= WHAT IS NEEDED =
Read through the material below and find each line that has the word "with"; copy it.

= DATA TO PROCESS =
----------------

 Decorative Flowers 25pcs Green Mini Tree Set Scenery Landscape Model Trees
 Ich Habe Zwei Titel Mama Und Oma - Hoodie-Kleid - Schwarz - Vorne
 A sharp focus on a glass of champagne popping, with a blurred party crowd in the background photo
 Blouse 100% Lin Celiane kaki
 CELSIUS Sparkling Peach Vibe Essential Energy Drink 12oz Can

----------------

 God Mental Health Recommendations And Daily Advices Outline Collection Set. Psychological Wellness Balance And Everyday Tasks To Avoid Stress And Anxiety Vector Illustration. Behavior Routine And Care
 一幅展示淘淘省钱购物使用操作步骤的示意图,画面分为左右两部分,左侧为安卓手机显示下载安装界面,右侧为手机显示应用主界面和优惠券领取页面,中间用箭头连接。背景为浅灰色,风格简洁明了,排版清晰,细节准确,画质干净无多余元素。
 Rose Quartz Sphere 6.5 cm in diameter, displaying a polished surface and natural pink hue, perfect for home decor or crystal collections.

----------------

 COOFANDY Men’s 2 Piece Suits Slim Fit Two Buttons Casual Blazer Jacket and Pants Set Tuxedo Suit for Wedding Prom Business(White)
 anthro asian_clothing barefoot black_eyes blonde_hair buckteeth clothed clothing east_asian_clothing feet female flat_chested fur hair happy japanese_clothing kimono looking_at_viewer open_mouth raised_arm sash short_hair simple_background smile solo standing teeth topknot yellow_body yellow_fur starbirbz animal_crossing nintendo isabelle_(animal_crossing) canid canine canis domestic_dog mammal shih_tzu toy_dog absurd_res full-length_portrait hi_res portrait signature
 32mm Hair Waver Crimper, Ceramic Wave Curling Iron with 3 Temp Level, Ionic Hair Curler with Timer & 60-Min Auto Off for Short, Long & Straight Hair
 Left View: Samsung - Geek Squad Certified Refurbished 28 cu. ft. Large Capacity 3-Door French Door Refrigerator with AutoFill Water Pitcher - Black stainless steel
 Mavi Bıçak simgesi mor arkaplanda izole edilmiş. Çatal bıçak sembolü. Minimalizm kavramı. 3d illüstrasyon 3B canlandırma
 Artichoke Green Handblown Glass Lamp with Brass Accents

----------------

= EXERCISE SOLUTION =
 A sharp focus on a glass of champagne popping, with a blurred party crowd in the background photo
 32mm Hair Waver Crimper, Ceramic Wave Curling Iron with 3 Temp Level, Ionic Hair Curler with Timer & 60-Min Auto Off for Short, Long & Straight Hair
 Left View: Samsung - Geek Squad Certified Refurbished 28 cu. ft. Large Capacity 3-Door French Door Refrigerator with AutoFill Water Pitcher - Black stainless steel
 Artichoke Green Handblown Glass Lamp with Brass Accents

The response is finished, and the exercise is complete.